The startling cinematic success of American Splendor—an indie film uniquely merging the real-story-behind-the-film-story with the comic drawings that stand between the two—has kicked the familiar dilemma of the vernacular American artist up to new levels.

Over most of the planet, adults as well as children love comics, read them throughout life, and regard a considerable dimension of the output as “Art.” Not in the United States, at least not until Art Spiegelman’s MAUS and the author’s Pulitzer Prize (Ben Katchor’s MacArthur award added fuel to the fire). The publishing industry has only belatedly developed commercial interest in what has come to be called the “graphic story” (not quite as misleading as “comic,” to describe non-humorous material). And here comes World War 3 Illustrated, a political-artistic wallop at the System.
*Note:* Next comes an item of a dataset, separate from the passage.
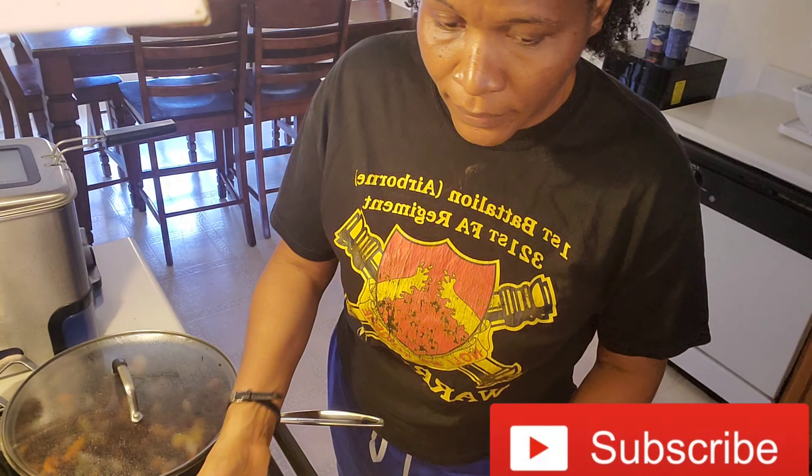Thank you for watching this video. Thank you for taking time out of your busy schedule to watch. I appreciate it so much. Don't forget to like, share, comment, and subscribe to this channel. I appreciate your support. See you in my next video. Bye-bye.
Actually, the WW3 project has been around for 20 years, annual volumes more or less self-published by a collection of youngish artists, anthologized occasionally (as Confrontational Comics by Four Walls, Eight Windows in 1995). But the political situation and the growing sense that a new art is aborning has turned a corner. World War 3 Illustrated: Taking Liberties, just off the press, has Spiegelman inside the front cover, Sue Coe close at hand, Tom Tomorrow delivering his usual jabs, and more than a dozen others, young and middle aged, including co-founder Peter Kuper (who draws the “Spy vs Spy” for the current Mad Magazine, and whose “Richie Bush,” a splendid takeoff on Richie Rich, is one of the hard-hitting highlights).

What we have here, in historical terms, is a recuperation of the 1910s Masses magazine’s Ash Can artists interacting with another war threat (the approach of the World War I, during which the magazine was suppressed) and a social promise (something of Greenwich Village and the Industrial Workers of the World). Offering a wide variety of artistic approaches, WW3 artists offer realistically and surrealistically enticing views of the horrors in front of us, the struggles to turn things around—and how stupid our leaders really look.
Paul Buhle is co-author with Dave Wagner of Hide in Plain Sight: The Hollywood Blacklistees in Film and Television, 1950-2002 (Paul Graves/St. Martin’s, 2003) and the upcoming Blacklisted: The Film Lover’s Guide to the Hollywood Blacklist (Paul Graves/St. Martin’s). He is working on a comic book version of the history of the Industrial Workers of the World.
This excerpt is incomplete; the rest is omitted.